Print the lines that run from the line with "Hi all, welcome" to the line with "You can also", keeping both end lines, exactly as they appear in the entries below, and nothing else.

* Material supplied
------------------------------------

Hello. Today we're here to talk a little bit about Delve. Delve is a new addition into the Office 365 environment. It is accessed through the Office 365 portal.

------------------------------------

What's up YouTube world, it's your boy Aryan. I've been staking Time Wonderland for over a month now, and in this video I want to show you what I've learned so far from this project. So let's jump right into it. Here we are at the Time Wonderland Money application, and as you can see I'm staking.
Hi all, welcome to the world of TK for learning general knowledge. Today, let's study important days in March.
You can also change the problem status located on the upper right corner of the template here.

------------------------------------

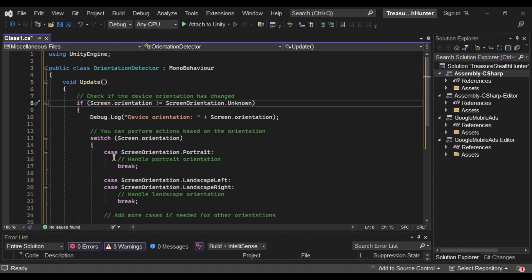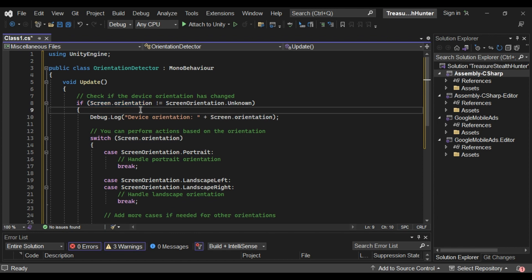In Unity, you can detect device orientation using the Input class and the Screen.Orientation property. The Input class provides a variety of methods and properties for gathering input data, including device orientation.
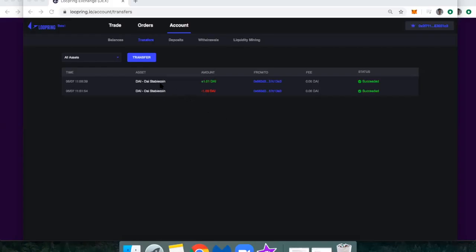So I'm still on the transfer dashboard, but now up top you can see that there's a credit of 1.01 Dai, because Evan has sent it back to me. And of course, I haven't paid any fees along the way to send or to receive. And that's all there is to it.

------------------------------------

* Exercise answer
Hi all, welcome to the world of TK for learning general knowledge. Today, let's study important days in March.
You can also change the problem status located on the upper right corner of the template here.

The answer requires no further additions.